[Opening Supplied material section]

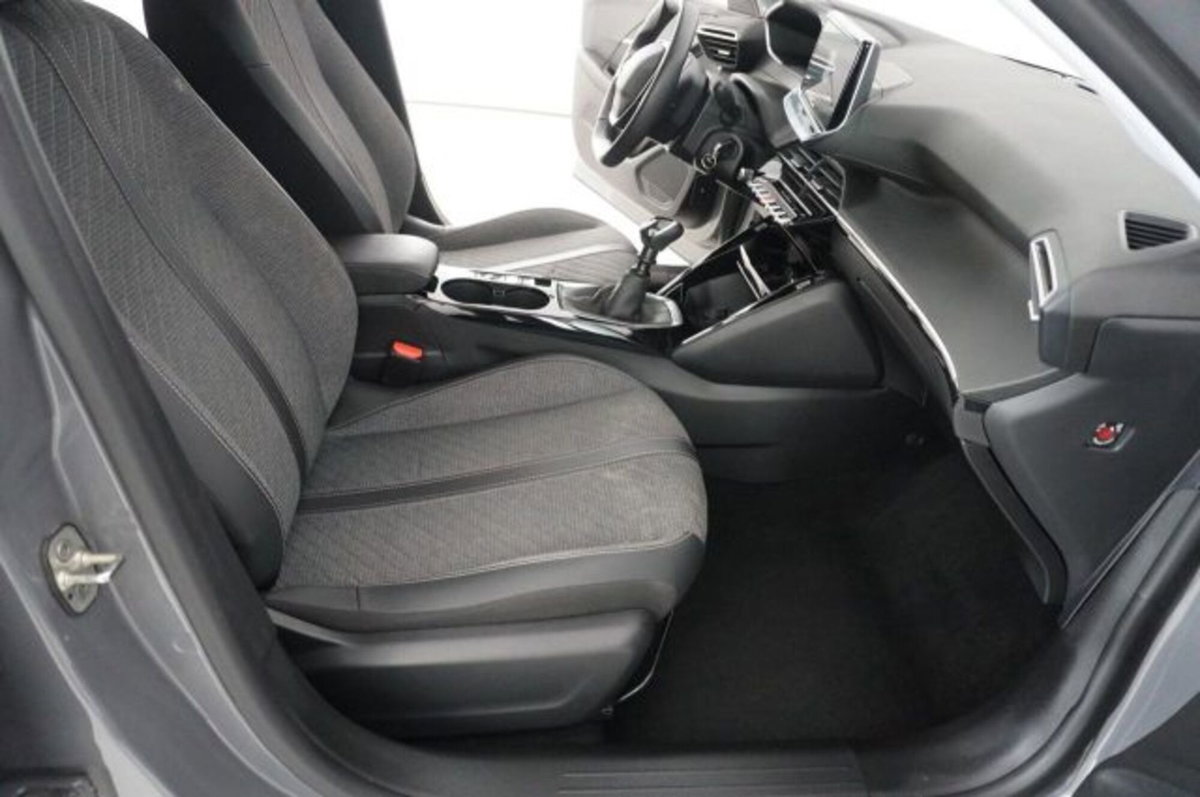 Peugeot 208 1.2 puretech Active s&s 100cv (10)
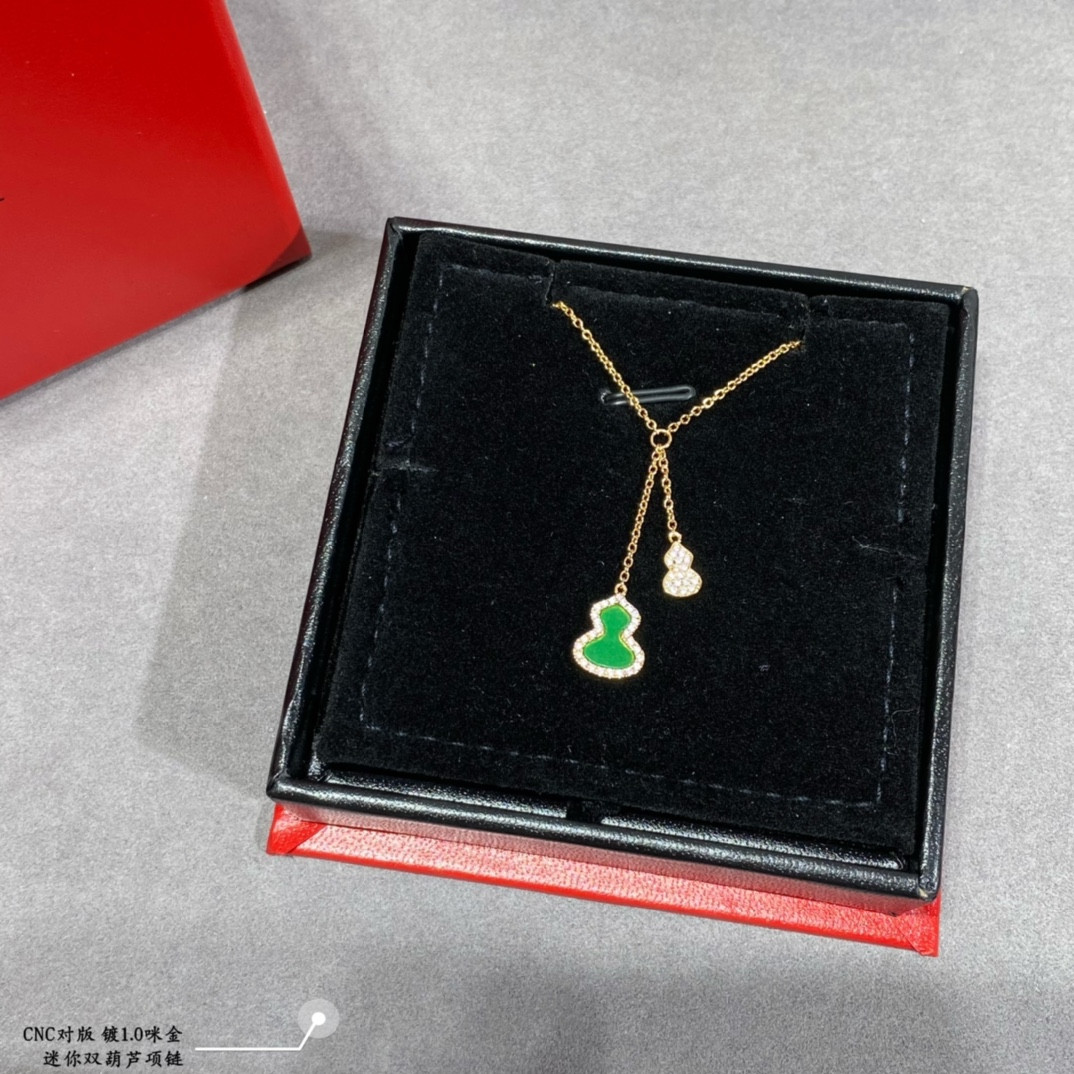 Qee1in mini double gourd pendant necklace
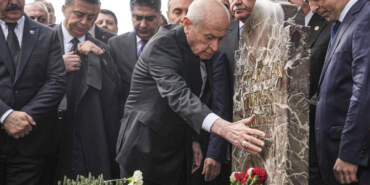Bahçeli’den Alparslan Türkeş’in Kabrine Ziyaret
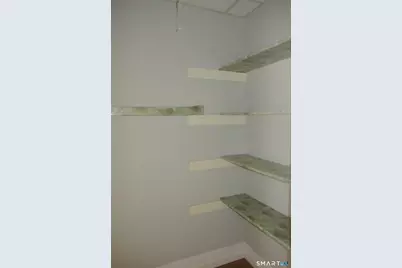 549 Howe Avenue #A31, Shelton, CT 06484 - Photo 3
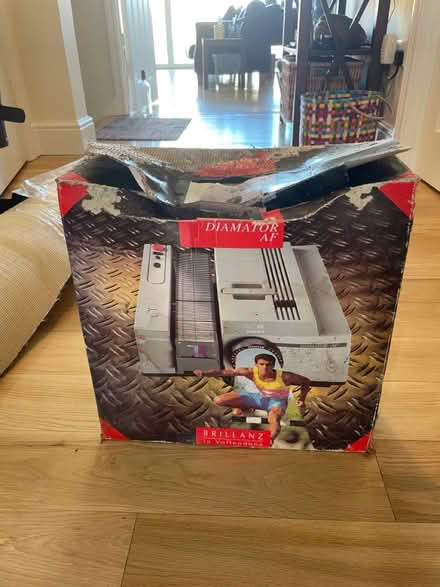 Photo of free ‘Reflecta’ projector and screen (Central maidstone) #1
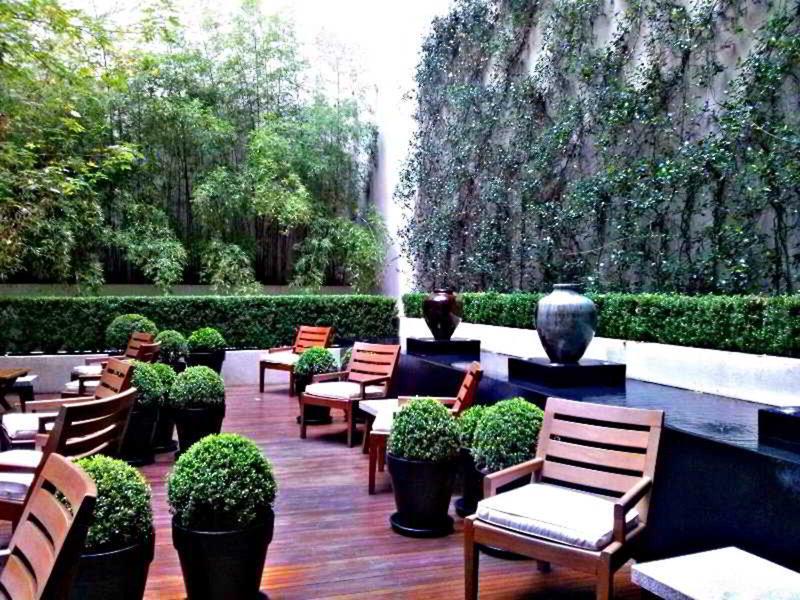 CF9693FD6F051CE4C5AA327B8B0A4BC1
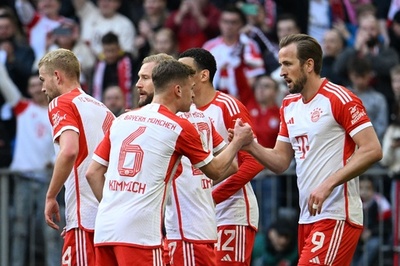 バイエルン8発大勝で優勝に望み、ケインが60年前の記録に並ぶ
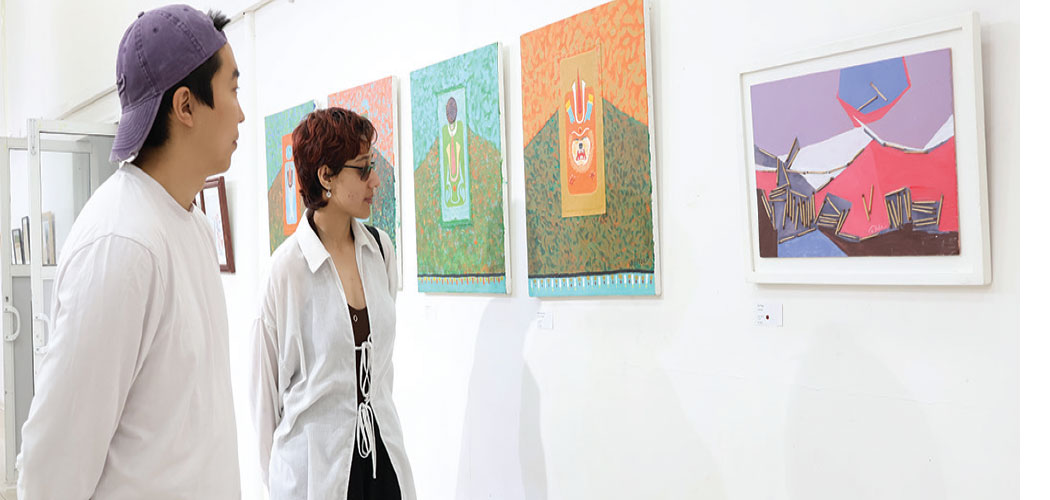 Art for Humanity exhibition begins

[Closing Supplied material section]

▶ [Required action]: When the line containing "549 Howe Avenue" is reached, write out that line and each one after it exactly, ending with the last line of the records; pictures are not copied.

▶ [Result]:
 549 Howe Avenue #A31, Shelton, CT 06484 - Photo 3
 Photo of free ‘Reflecta’ projector and screen (Central maidstone) #1
 CF9693FD6F051CE4C5AA327B8B0A4BC1
 バイエルン8発大勝で優勝に望み、ケインが60年前の記録に並ぶ
 Art for Humanity exhibition begins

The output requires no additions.